Web page caption snippets:
----
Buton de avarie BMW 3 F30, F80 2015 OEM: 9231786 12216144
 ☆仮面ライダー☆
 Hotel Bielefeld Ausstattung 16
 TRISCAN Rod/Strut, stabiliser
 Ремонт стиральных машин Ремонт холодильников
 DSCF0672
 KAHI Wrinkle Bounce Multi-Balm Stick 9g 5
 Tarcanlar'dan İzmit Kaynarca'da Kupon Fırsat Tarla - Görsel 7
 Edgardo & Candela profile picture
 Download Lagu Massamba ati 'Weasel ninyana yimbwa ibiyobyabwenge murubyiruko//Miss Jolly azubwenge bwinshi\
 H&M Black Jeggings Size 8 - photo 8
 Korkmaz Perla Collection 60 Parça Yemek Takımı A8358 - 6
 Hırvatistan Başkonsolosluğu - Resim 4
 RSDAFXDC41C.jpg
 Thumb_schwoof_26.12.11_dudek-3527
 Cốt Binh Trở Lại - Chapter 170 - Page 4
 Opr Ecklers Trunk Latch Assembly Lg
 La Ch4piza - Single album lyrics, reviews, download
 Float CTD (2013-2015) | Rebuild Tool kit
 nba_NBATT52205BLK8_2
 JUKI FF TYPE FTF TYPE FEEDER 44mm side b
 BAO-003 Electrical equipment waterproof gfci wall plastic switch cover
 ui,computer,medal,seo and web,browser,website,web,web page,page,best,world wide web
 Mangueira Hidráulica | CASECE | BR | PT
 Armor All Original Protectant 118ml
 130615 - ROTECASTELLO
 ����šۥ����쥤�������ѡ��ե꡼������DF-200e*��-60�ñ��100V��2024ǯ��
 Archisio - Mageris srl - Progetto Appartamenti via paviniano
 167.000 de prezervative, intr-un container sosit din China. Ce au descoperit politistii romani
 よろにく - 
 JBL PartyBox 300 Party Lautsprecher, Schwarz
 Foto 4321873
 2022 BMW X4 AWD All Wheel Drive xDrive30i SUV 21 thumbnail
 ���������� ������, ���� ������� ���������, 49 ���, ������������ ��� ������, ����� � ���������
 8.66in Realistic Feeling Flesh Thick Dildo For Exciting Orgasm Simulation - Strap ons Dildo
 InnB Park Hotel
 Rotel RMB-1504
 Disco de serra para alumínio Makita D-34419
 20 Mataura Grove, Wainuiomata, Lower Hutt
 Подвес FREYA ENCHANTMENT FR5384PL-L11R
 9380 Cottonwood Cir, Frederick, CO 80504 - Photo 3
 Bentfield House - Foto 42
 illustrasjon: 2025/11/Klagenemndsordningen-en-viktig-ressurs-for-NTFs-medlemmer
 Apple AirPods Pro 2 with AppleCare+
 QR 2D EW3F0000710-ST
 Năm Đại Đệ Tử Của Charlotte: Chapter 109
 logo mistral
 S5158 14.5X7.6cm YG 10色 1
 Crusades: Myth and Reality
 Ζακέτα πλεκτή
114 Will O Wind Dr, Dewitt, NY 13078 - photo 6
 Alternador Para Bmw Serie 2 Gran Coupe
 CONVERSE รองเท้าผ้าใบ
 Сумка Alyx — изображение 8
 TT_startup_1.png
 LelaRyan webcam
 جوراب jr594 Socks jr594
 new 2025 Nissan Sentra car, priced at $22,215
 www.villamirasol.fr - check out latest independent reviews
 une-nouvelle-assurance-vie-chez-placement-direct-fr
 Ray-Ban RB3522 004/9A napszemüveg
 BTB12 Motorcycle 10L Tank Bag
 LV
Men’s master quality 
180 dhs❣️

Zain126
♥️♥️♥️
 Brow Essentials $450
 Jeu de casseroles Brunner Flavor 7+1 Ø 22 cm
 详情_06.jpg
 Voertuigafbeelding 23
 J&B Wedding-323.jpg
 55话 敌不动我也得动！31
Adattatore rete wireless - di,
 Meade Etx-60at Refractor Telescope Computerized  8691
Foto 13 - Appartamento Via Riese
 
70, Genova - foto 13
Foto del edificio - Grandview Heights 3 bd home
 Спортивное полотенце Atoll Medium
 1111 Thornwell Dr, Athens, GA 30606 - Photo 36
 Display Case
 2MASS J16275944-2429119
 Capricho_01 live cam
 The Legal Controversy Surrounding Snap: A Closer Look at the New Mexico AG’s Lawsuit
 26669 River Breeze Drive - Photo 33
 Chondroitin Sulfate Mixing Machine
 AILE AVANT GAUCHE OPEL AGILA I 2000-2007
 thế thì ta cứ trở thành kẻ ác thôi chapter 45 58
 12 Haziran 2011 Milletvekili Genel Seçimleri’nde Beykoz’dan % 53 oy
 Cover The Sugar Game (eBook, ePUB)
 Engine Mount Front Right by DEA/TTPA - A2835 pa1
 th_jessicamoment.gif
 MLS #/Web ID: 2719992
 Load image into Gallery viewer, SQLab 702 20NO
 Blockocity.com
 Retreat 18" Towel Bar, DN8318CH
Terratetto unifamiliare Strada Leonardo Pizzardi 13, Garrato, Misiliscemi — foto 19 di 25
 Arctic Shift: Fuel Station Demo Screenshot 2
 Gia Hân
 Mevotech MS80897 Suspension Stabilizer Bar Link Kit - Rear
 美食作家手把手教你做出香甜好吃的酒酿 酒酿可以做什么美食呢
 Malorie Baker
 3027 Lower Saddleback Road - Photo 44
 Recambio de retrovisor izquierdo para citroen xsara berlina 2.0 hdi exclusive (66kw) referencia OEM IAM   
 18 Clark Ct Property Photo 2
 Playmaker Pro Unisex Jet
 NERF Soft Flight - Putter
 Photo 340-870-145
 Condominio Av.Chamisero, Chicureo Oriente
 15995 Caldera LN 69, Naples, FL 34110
----
Required work
Copy range, inclusive: the line holding "nba_NBATT52205BLK8_2" to the line holding "Archisio - Mageris". Reproduce exactly those lines of the records above and no others.

Response for this exercise
 nba_NBATT52205BLK8_2
 JUKI FF TYPE FTF TYPE FEEDER 44mm side b
 BAO-003 Electrical equipment waterproof gfci wall plastic switch cover
 ui,computer,medal,seo and web,browser,website,web,web page,page,best,world wide web
 Mangueira Hidráulica | CASECE | BR | PT
 Armor All Original Protectant 118ml
 130615 - ROTECASTELLO
 ����šۥ����쥤�������ѡ��ե꡼������DF-200e*��-60�ñ��100V��2024ǯ��
 Archisio - Mageris srl - Progetto Appartamenti via paviniano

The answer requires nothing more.